I'm an iPhone developer. Thanks for getting all upset on my behalf over Apple's 30% cut. Thing is, as far as I'm concerned 30% is an absolute bargain for exposing my apps to 100 million users with a system so simple that users do nothing more than enter their password to make a purchase, handling all the credit card transactions, handling upgrades, handling refunds, handling credit card fraud etc... Please don't tell Steve Jobs but I would have signed up at 50%.
If you're a developer normally you have to pay money to get your app into the hands of customers, you pay money to get payment (it's a cut) and then YOU provide customer service.
Apple are doing all that for you, for 30%. They take payment, they deliver (via download from their servers), they deal with customer problems (it didn't install properly, I bought the wrong one ... that kind of thing). Nobody is going to do that for you for free.
This isn't a bit like Dell, you buy a machine from Dell. Dell do nothing to help developers get applications to you (why would they?!) So don't make anything.
Apple have a model EXACTLY like Dell's for the Mac.
If you want to use the appstore, you have to pay for the "delivery trucks" and (more importantly) a billing mechanism.
You don't have to pay Apple, however. You can use a website. Feel free to sell your subscriptions and host your applications from there.
Surely Apple's (and Amazon's) success is in the consolidation of billing which is attractive to customers and "good enough" for suppliers. I'm really surprised Google hasn't concentrated on making more of GoogleCheckout.
Also, it isn't "stealing". It is standard middle-man commission. Many retailers would expect to take 50% of the sticker price.
It'll be like threading a needle, but they can get it done. If they can rework their paper content with ads into digital content with ads, they can live, but they have to do it right.
Be easy. In a magazine the ads don't obscure the content. That popover crap has got to go. If you have to fight the thing to find the darned story, you'll Google it instead and you won't be back. Yeah, there's lots of market research to prove that blocking the content with ads are how you maximize the value of ads. This is like grocery stores that make you navigate a Skinner box that forces you through every aisle and product to get your milk to make more money. Y'know what? The grocery stores that bought that story are now out of business, and you can navigate to the milk without impediment (though they all still put it at the back of the store).
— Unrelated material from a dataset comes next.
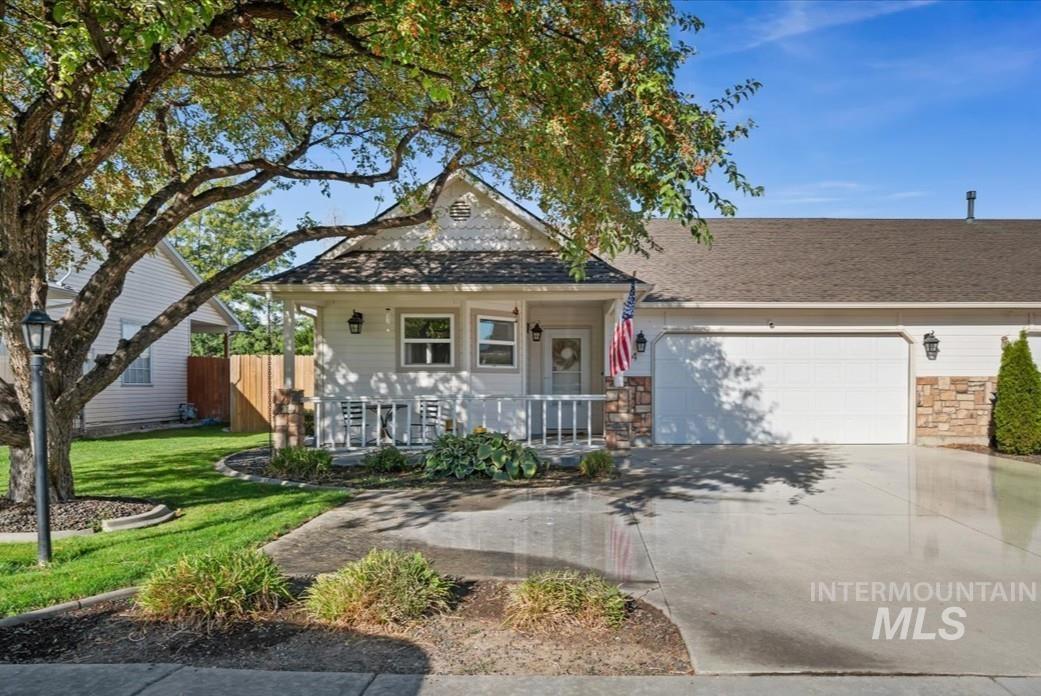 2914 Airport Ave Property Photo 1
Be relevant to our interests. In a magazine the advertisers choose the magazine, and the magazine chooses the advertiser based on some convergence of style or purpose. Magazines don't take advertisers who are off-brand, even if they are willing to pay a lot. Even online this rule should stay.
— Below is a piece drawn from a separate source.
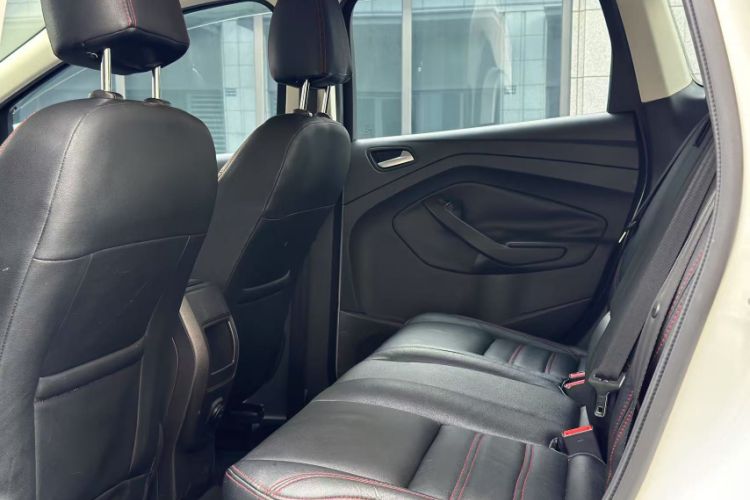 Used Ford Kuga 2013 1.6L GTDi Two-Wheel-Drive Comfort Model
Be true to yourselves. We can smell a sellout a mile away.
The value of the content has to stay high and exclusive. Duh.
Y'know what? Cool ads are content. Raise the bar on what's accepted as an ad and you'll move more units. This is probably the commonest mistake. Get it through your heads: if the ad is in your product it needs to meet the same rules of "interesting" that the rest of your content does, or even more. Win that one and it's a slam dunk.
Last time I looked, a single issue of Wired was about $15 AU which is currently around $13 US.
Even subscriptions have typically been 2 to 3x the cost of US mags and although I'm the sort of person who would qualify for a lot of free subs to trade mags if I was in the US, shipping means they never offer those deals downunder.
I'm a bit underwhelmed with the Wired mag but it was an interesting buy to see what they are delivering. I can't see me buying more issues unless it came down dramatically in price though.